It makes sense. I'm not sure saying others are "worse" is really the point. In most cases, the onus is on drivers to make sure their eyesight is a standard to read a number plate and they have to inform DVLA of certain conditions, it's quite clear.
But reactions do decrease with age (I don't know what age it would be worked out to be). And that's something drivers very rarely notice for themselves, as there is nothing to compare it with- until there is an accident.
Barry, my step grandad never took a test in his life, and always drove. It wasn't necessary when he started.
My Dad never took a test. He learnt during WW2, and after the war testing people like him was impossible. He was granted a full licence.
That's right, pixie, I think it was 1934 when driving tests became compulsory. My dad bought his licence before then but later people could convert their provisional licences to full licenses because testing was suspended because of the war or an oil crises, I think.
Testing started 1 June 1935. My dad held a licence from before then (he could drive but never owned a car after the war).
I'm trying to work out if there any drivers still on the road who have a full licence without having taken a driving test.

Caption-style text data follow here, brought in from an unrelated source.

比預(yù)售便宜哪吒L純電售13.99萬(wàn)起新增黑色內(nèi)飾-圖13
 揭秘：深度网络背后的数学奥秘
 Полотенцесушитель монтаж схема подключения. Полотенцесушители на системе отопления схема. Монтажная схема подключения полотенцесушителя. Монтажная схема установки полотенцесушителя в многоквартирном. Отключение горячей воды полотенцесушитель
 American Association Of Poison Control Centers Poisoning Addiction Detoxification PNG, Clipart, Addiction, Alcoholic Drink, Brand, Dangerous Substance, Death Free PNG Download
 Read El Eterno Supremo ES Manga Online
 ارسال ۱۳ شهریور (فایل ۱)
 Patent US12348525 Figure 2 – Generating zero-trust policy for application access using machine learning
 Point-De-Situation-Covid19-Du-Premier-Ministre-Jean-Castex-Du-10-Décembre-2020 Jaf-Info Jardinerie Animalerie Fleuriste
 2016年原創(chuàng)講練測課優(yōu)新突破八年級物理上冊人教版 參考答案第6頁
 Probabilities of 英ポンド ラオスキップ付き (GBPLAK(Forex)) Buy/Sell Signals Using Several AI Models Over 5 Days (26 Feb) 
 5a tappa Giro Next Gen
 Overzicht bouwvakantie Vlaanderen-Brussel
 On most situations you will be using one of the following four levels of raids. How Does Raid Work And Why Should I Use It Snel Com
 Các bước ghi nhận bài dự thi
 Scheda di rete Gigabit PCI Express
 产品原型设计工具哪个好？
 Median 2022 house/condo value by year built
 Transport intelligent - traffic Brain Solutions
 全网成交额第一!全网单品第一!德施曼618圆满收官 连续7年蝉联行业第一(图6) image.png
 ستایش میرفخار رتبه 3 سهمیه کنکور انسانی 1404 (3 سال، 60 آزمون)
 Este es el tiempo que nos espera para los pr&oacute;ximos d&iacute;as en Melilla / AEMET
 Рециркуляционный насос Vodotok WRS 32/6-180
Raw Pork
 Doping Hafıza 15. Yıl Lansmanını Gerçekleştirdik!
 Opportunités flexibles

Round here its some of the younger people cutting other drivers up on roundabouts and weaving through that are the problem. They drive too fast and have too much confidence.
The young believe they are invincible, roo - I certainly did when I got my first motorbike at 17.
I would think there are still a few hundred drivers on the road who never took a ministry test. I think some were given a licence because they had driven in the forces. If they were 20 in 1945 they would be 75-ish now. And there are a couple of hundred drivers over 100 years of age.
sorry - should read 95-ish
In some ways I'm a better driver now than when I was younger. I no longer try to beat someone getting away at the lights and I'm more considerate. I would agree to having to submit a recent eye test report when I next renew my licence and a letter from my GP to say I'm still fit to drive.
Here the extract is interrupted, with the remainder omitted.